Data shown:
━━━━━━━━━━━━━━━━━━━━
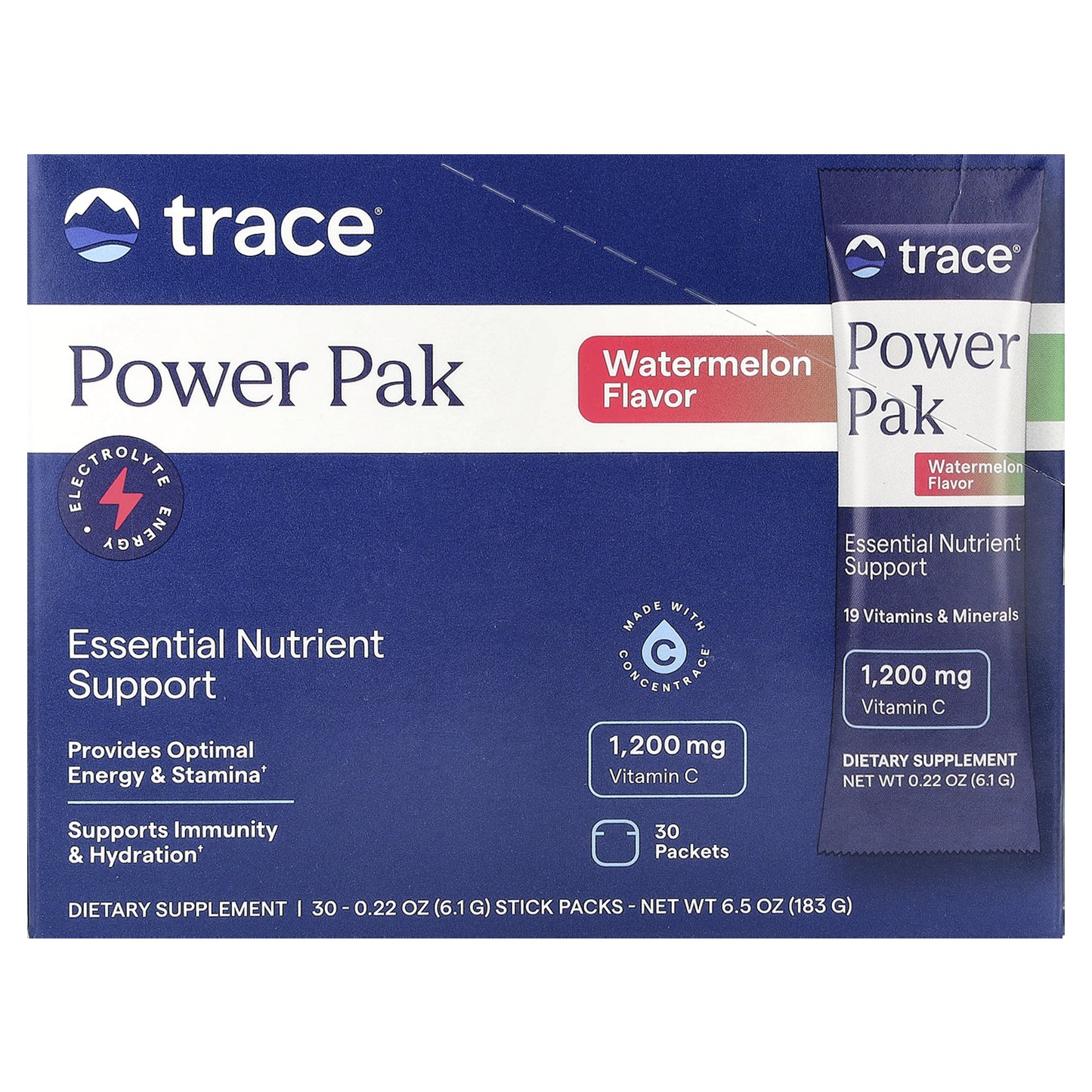 Trace, Power Pak, Watermelon, 30 Stick Packs, 0.22 oz (6.1 g) Each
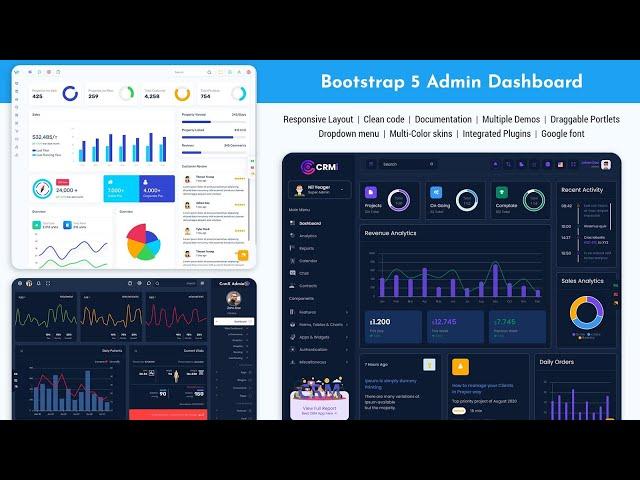 CRM Dashboard Bootstrap 5 Admin Template with Dark Theme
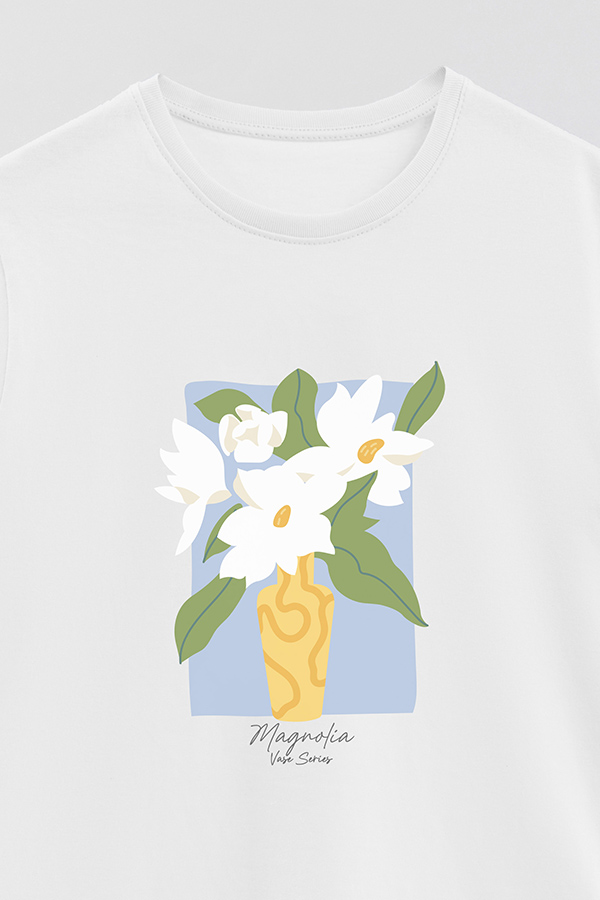 REMERA BASICA ESTAMPADA FLORAL MAGNOLIA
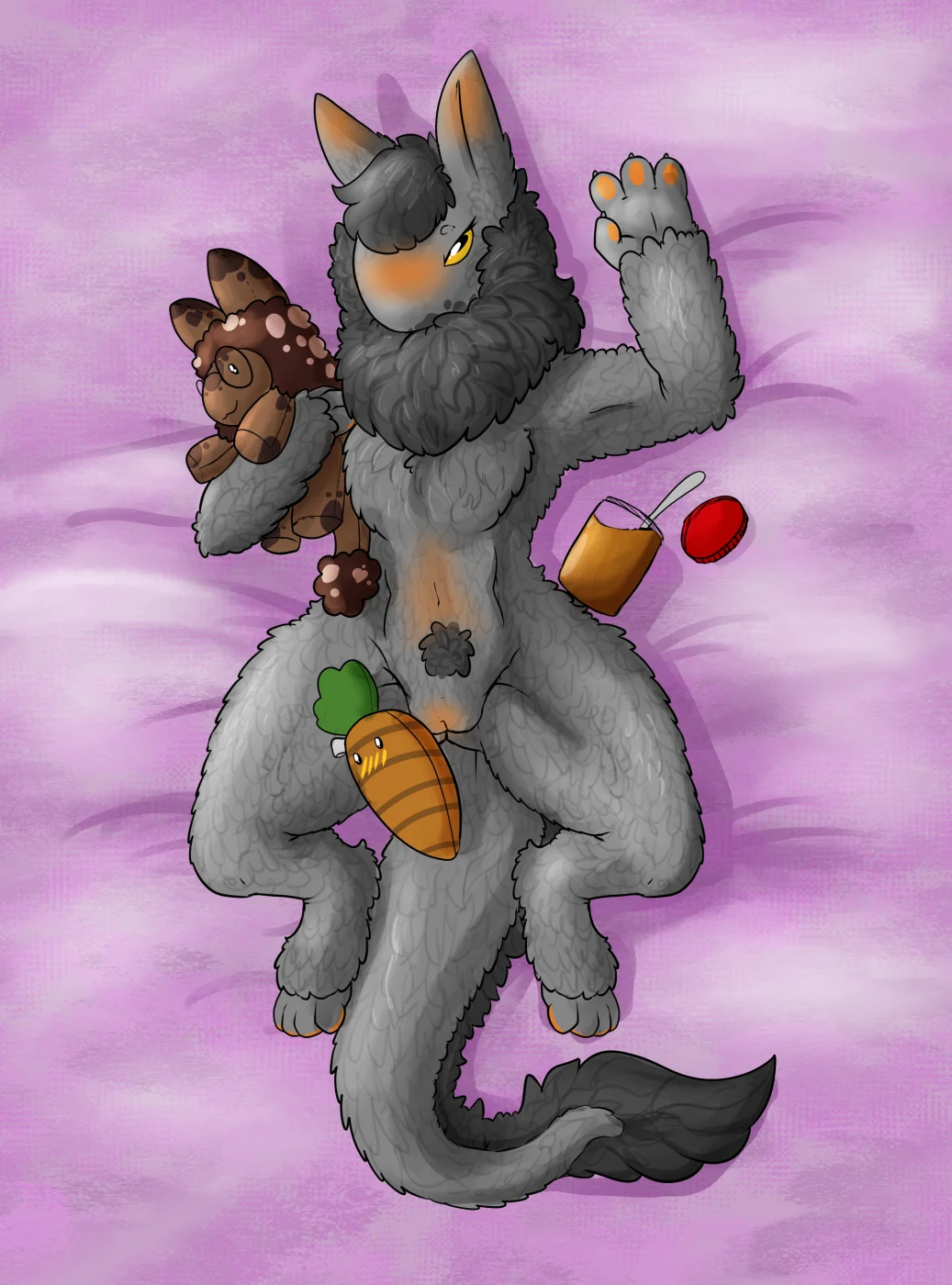 alien anthro blush carrot container ear_blush female food frostedscales fur genitals grey_body grey_fur hi_res holding_object holding_plushie jar looking_at_viewer lying mammal navel neck_tuft nude on_back plant plushie pubes pussy seductive semi-anthro solo tail tail_tuft the_nature_of_predators tuft vegetable venlil_(the_nature_of_predators) yellow_eyes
━━━━━━━━━━━━━━━━━━━━
Problem statement:
Could you set down, exactly as written, every line from the one with "REMERA BASICA ESTAMPADA FLORAL MAGNOLIA" to the end of the data, both ends included? Leave out the pictures.

Exercise answer:
 REMERA BASICA ESTAMPADA FLORAL MAGNOLIA
 alien anthro blush carrot container ear_blush female food frostedscales fur genitals grey_body grey_fur hi_res holding_object holding_plushie jar looking_at_viewer lying mammal navel neck_tuft nude on_back plant plushie pubes pussy seductive semi-anthro solo tail tail_tuft the_nature_of_predators tuft vegetable venlil_(the_nature_of_predators) yellow_eyes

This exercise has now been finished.